Keira Knightley | Yu Tsai | 'Long Distance Relationship' | Flaunt #115

Flaunt magazine has a close encounter with Keira Knightley, lensed by Yu Tsai in ‘Long Distance Relationship’. The accompanying interview by Matthew Bedard is brilliantly written. Here’s a taste:

 

Let’s get a few things out of the way: your loyal narrator, being a man of his word, will not dramatize the ensuing interview with Keira Knightley in any which way. Frankly, he’d love to. He’d love to have you thinking that he was sitting next to her throughout, enjoying the springtime rebirth of London’s streets from the back seat of her private car, which muscles its way through the awakened capital from historic AbneyPark Cemetery (where she’s just been photographed for our cover in the finest Spring selections) to her six o’clock appointment at the West End’s Comedy Theatre for a performance in Lillian Hellman’s play, The Children’s Hour. Just imagine: there we are—the car alive with expectation—exchanging flirtatious quips, laughing at the silliness of our fanciful occupations, remarking on the poesy of the cherry blossoms that quiver and flitter about our periphery, having all the while,well, a ball. Hell, maybe there’d be champagne, a mutual friend unearthed following a riveting anecdote from yours truly, perhaps a post-theatre drinks proposal? Yes, he’d like to have you think all that, but here’s the truth: this one happened over the phone. And despite the resentment’s that’s stockpiling with every passing moment towards a certain publisher who purchased said narrator a ticket to Heathrow to entertain this very description, and then reneged (citing the necessity to “finish the magazine” or something), a half-hour on the phone with the Oscar-nominated, beguiling, flat-out foxy leading lady of contemporary screen and stage, is still, above all else, a charmed and insightful exchange.
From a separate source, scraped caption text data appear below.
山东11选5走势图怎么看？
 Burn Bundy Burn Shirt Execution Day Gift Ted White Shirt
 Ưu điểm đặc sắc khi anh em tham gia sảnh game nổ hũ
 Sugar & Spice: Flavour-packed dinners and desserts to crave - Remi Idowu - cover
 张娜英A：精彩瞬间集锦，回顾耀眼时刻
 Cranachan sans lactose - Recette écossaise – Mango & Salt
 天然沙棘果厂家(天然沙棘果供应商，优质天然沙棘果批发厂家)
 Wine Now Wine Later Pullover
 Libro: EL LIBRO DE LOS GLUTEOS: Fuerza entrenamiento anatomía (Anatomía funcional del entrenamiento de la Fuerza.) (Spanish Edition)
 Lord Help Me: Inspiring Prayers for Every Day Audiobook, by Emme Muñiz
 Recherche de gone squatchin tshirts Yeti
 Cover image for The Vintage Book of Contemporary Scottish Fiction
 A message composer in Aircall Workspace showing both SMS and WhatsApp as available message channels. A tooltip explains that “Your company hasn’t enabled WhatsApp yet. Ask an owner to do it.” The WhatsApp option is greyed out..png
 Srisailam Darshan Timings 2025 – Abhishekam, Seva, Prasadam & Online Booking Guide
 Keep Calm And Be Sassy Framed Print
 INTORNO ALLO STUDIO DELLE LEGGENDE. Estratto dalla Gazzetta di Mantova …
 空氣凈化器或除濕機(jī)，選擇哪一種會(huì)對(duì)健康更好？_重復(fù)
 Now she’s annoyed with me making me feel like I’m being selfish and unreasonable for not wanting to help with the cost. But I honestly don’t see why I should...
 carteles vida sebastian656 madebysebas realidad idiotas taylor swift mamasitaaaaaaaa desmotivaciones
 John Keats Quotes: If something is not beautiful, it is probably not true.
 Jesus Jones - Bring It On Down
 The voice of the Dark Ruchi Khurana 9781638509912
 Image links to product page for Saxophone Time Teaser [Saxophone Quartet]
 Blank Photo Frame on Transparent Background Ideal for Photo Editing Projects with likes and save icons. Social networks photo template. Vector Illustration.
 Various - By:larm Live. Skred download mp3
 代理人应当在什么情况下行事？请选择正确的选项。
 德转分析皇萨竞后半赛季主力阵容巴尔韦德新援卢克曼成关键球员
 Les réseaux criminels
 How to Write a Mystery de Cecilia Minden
So… Knightley tops off our champ flutes, cracks the limo window for a dash of that unmistakable Dalston breeze, requests a bit of low level Radio 4 from our very skilled driver, and proceeds to share on a medley of things, most importantly: fidelity. The film mostly in question throughout our chat is Massy Tadjedin’s directorial debut, Last Night, which stars Knightley and Sam Worthington, alongside Eva Mendes and Guillaume Canet, both of whom play a relatively proportionate role in unraveling and/or substantiating Knightley and Worthington’s young marriage in the course of 24 hours or so.